Mereka tetap disebut sbg sravaka agung, jadi pemahaman sbg konversi di sini tidaklah tepat, lebih tepatnya sebagai bimbingan utk memasuki tahapan berlanjut.   

spekulasi saya... kitab kitab mahayana itu di"tulis" oleh beberapa orang yang tidak memiliki kontinuitas dan kesinambungan doktrin... makanya kadang memuji, kadang merendahkan...
VAYADHAMMA SANKHARA APPAMADENA SAMPADETHA
Semua yang berkondisi tdak kekal adanya, berjuanglah dengan penuh kewaspadaan

dilbert

Quote from: chingik on 12 July 2011, 05:45:54 PM
Dalam konteks mahayana, arahat dianggap terbebas dari belenggu samsara, tetapi dari aspek pengetahuan tertinggi, belum setara SamyakSambuddha. Dalam transmisi ajaran, idealnya seorang guru akan menurunkan semua pengetahuan kepada sang murid. Maka dalam konteks mahayana, Buddha idealnya menurunkan semua pengetahuanNya agar para siswanya dapat mencapai setara dengan Buddha sendiri. Itulah tujuan sravaka dibimbing menuju jalan mahayana, agar apa yg Buddha capai , sang siswa juga diharapkan mencapainya. 

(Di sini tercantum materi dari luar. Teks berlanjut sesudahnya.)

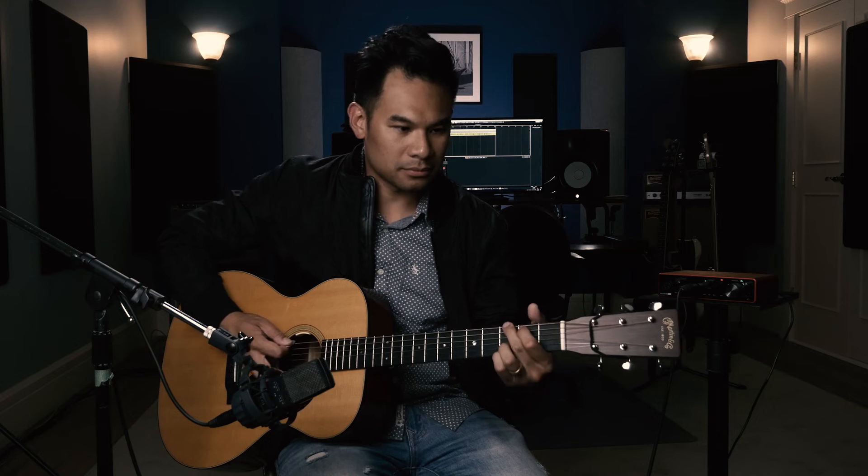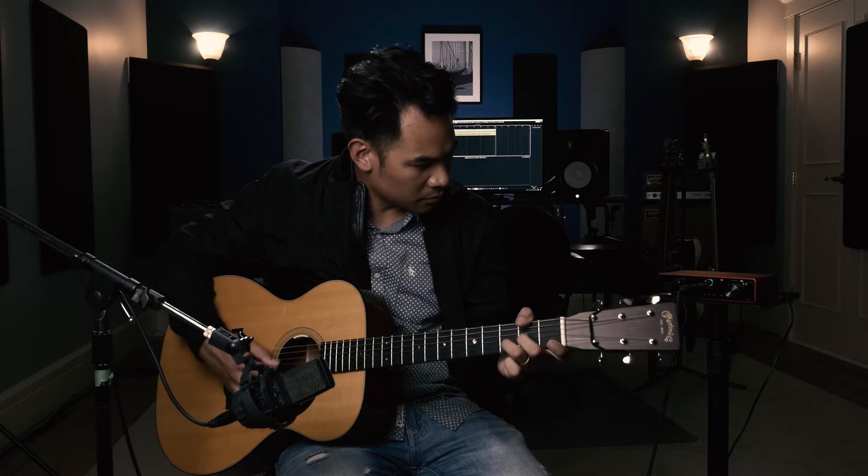For all of you previous Scarlett users that are thinking to upgrade, you're probably doing it for the preamps and that little extra Air control. So what I'm going to do is run my acoustic guitar through one of these preamps and play it without the Air and with it on — let's go hear what that sounds like.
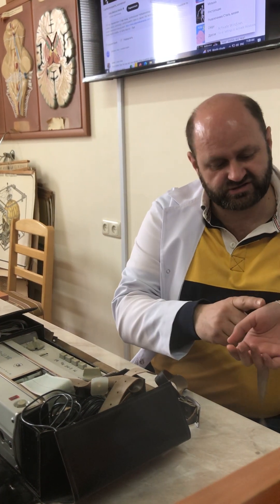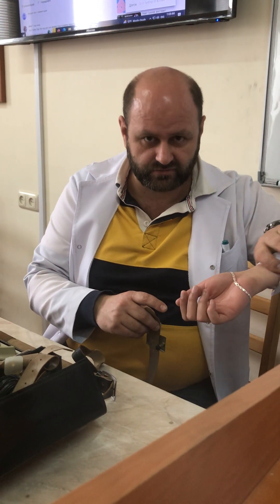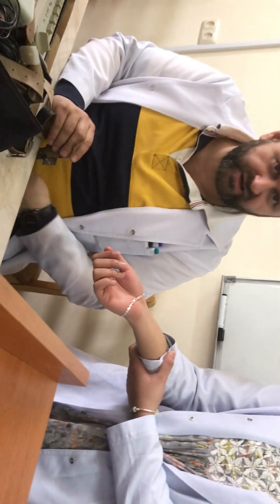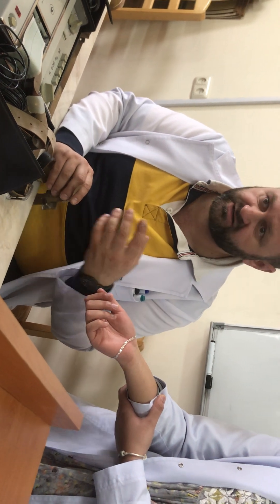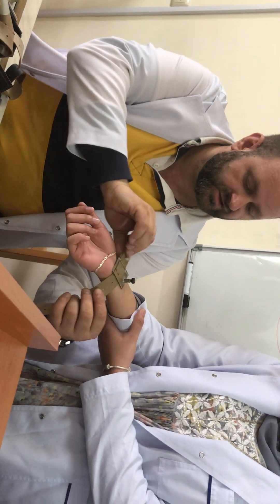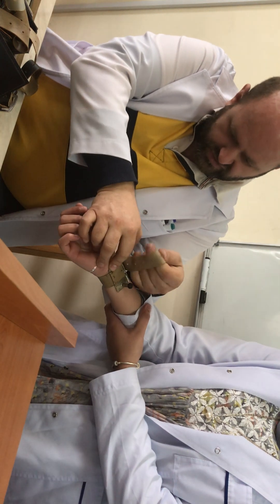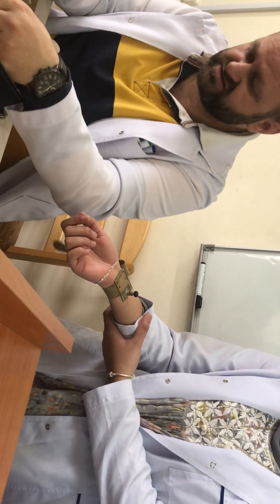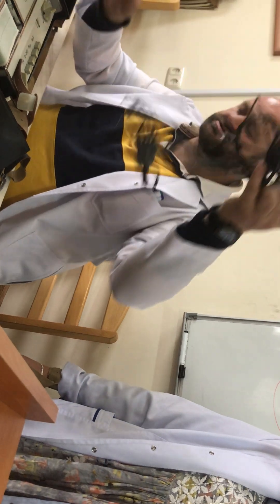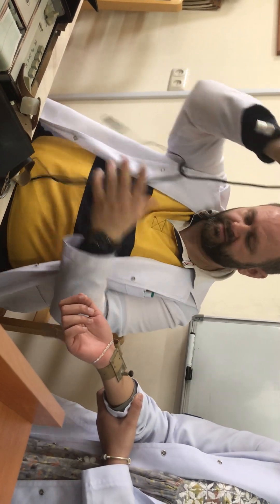For the registration, first of all every electronic or metallic device must be removed — belts and others — because every type of metal influences the electrical activity of the body. Then we use specific electrolytes placed under the electrodes and fix the electrode in place. The device has specific pathways and wires that connect it to complete the general registration.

Mungkin pengertian samsara berbeda antara Theravada dan Mahayana... Karena menurut Theravada, seseorang yang masih terkondisi dan terlahir di 31 alam itu masih mengalami samsara, Bagaimana menurut Mahayana ? karena para sravaka masih bisa "lanjut"... tentu-nya harus terlahir untuk "lanjut"
VAYADHAMMA SANKHARA APPAMADENA SAMPADETHA
Semua yang berkondisi tdak kekal adanya, berjuanglah dengan penuh kewaspadaan

chingik

Quote from: dilbert on 12 July 2011, 06:04:25 PM
spekulasi saya... kitab kitab mahayana itu di"tulis" oleh beberapa orang yang tidak memiliki kontinuitas dan kesinambungan doktrin... makanya kadang memuji, kadang merendahkan...

lalu kitab nikaya2  yg juga kadang memuji dan kadang merendahkan dianggap terkecuali ?

K.K.

Quote from: chingik on 12 July 2011, 06:12:38 PM
lalu kitab nikaya2  yg juga kadang memuji dan kadang merendahkan dianggap terkecuali ?

Sebetulnya ini topik tetangga (Pertanyaan kritis mengenai Theravada), tapi saya mau minta bocoran dikit, maksudnya bro chingik, dalam nikaya2, apakah yang kadang direndahkan dan kadang dipuji?